## Problem statement
Write out, please, each line from the one containing "Nachos Supreme ·" to the final line of the data, both included, exactly and without pictures.

## Collected material

================

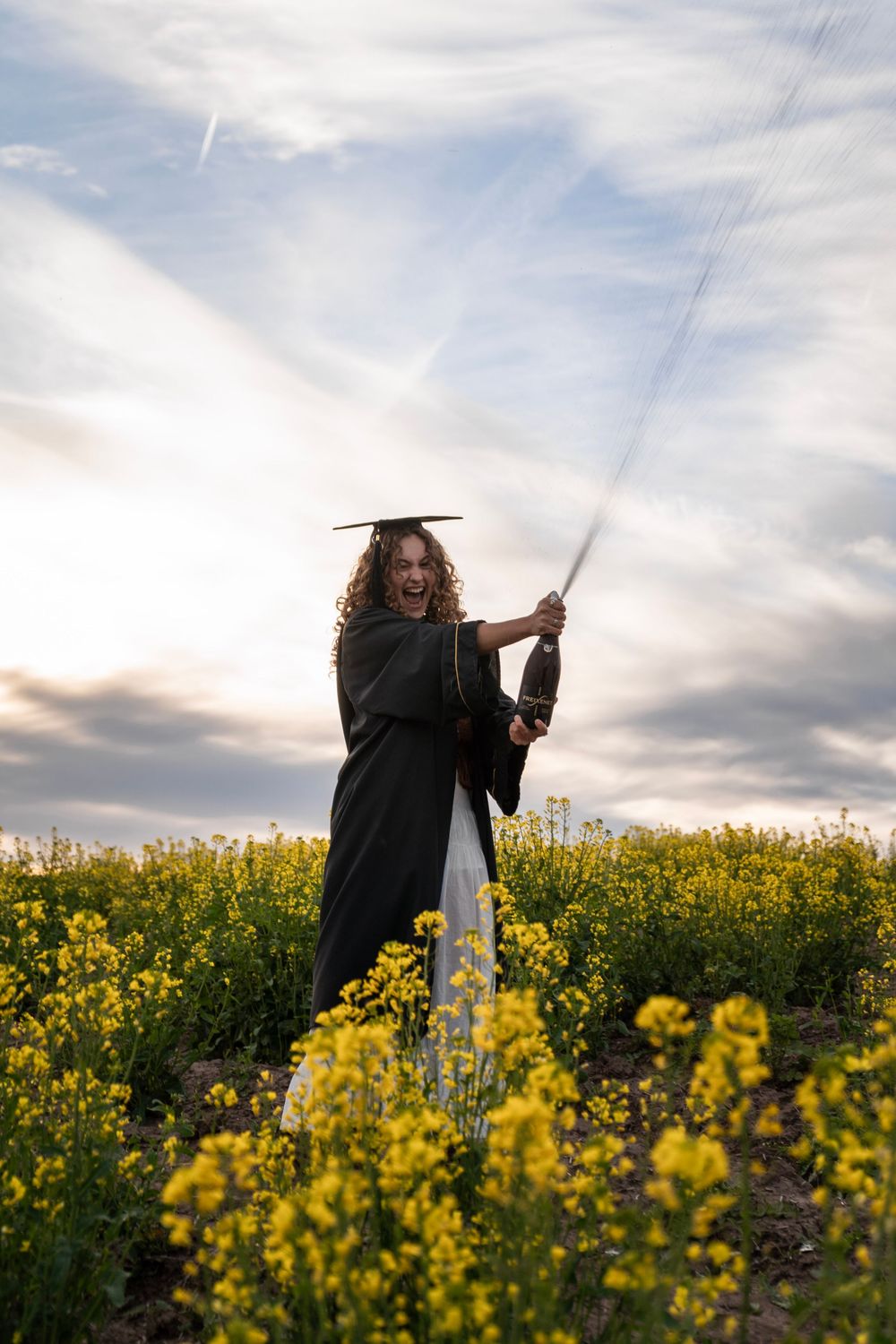 Graduate in black cap and gown wielding a sword in a yellow flower field at sunset.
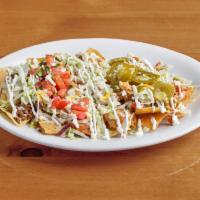 Nachos Supreme · Ground beef ,shredded chicken and beans on a bed of chips covered with lettuce, sour cream, ...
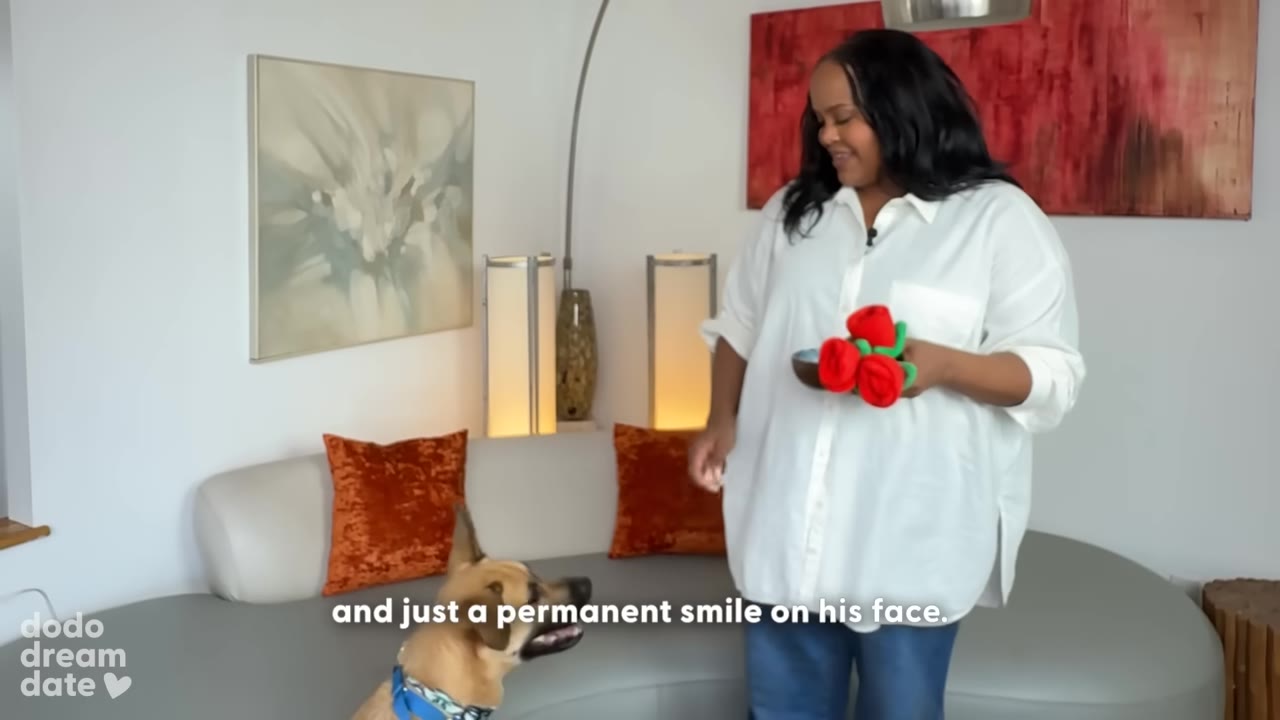 A woman in a white shirt smiles down at a tan rescue dog looking up at her with an open mouth, in a living room setting.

================

## Output of the task
 Nachos Supreme · Ground beef ,shredded chicken and beans on a bed of chips covered with lettuce, sour cream, ...
 A woman in a white shirt smiles down at a tan rescue dog looking up at her with an open mouth, in a living room setting.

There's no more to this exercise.